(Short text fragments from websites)
Content starts

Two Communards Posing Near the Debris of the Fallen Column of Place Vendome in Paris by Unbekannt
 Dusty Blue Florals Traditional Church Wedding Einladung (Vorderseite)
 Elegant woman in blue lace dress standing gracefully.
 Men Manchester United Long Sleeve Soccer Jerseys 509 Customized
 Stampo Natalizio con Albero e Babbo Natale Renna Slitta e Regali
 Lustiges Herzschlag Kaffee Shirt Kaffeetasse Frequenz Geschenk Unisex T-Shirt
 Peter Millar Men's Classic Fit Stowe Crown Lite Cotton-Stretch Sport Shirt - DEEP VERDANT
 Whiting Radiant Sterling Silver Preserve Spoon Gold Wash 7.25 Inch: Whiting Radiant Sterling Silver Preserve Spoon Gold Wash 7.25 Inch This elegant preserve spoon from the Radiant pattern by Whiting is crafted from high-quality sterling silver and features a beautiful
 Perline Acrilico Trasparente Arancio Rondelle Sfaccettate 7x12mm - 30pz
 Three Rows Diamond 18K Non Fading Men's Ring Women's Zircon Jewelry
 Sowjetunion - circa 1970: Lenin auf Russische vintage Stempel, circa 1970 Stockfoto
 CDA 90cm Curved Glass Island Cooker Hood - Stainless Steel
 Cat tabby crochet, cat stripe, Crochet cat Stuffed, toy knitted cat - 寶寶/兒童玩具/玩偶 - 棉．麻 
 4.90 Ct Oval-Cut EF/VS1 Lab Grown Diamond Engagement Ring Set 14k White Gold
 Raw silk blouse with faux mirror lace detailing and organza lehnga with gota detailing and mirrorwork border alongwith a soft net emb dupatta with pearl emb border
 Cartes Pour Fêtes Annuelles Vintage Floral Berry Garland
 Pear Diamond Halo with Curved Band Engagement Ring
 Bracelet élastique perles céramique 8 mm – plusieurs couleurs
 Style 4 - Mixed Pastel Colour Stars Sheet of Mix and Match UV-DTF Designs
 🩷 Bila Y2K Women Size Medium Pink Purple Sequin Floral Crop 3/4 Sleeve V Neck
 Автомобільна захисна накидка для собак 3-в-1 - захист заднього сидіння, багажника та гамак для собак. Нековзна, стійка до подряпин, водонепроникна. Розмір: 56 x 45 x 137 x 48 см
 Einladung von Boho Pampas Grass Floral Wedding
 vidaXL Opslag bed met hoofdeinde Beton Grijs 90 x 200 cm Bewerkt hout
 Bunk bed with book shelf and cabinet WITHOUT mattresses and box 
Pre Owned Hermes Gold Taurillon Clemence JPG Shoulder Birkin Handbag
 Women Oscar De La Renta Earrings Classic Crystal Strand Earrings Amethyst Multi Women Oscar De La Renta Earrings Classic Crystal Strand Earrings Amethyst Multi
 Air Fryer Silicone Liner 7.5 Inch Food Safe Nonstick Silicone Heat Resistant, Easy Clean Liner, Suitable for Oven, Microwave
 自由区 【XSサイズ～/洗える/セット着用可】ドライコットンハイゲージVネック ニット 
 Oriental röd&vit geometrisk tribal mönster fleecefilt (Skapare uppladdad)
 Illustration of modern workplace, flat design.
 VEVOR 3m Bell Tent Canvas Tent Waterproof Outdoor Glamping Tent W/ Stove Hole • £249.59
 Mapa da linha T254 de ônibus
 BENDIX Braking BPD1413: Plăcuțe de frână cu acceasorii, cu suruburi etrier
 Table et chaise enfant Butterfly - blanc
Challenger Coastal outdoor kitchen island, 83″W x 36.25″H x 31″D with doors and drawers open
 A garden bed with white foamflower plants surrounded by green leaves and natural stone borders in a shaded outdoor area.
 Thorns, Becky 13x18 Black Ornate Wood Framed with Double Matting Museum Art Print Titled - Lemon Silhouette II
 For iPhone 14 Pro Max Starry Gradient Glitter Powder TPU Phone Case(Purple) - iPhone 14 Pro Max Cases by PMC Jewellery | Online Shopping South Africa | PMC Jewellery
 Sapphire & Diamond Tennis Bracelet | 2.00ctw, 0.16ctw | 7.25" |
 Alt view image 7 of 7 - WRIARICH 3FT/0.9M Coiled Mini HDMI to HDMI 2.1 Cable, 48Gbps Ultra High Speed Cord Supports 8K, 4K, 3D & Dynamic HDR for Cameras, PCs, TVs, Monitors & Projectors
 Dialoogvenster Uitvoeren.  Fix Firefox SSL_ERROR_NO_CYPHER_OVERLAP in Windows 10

Content ends

Print again the lines of the entries above that fall between the line holding "Perline Acrilico Trasparente" and the line holding "CDA 90cm Curved", inclusive, exactly as they stand.

 Perline Acrilico Trasparente Arancio Rondelle Sfaccettate 7x12mm - 30pz
 Three Rows Diamond 18K Non Fading Men's Ring Women's Zircon Jewelry
 Sowjetunion - circa 1970: Lenin auf Russische vintage Stempel, circa 1970 Stockfoto
 CDA 90cm Curved Glass Island Cooker Hood - Stainless Steel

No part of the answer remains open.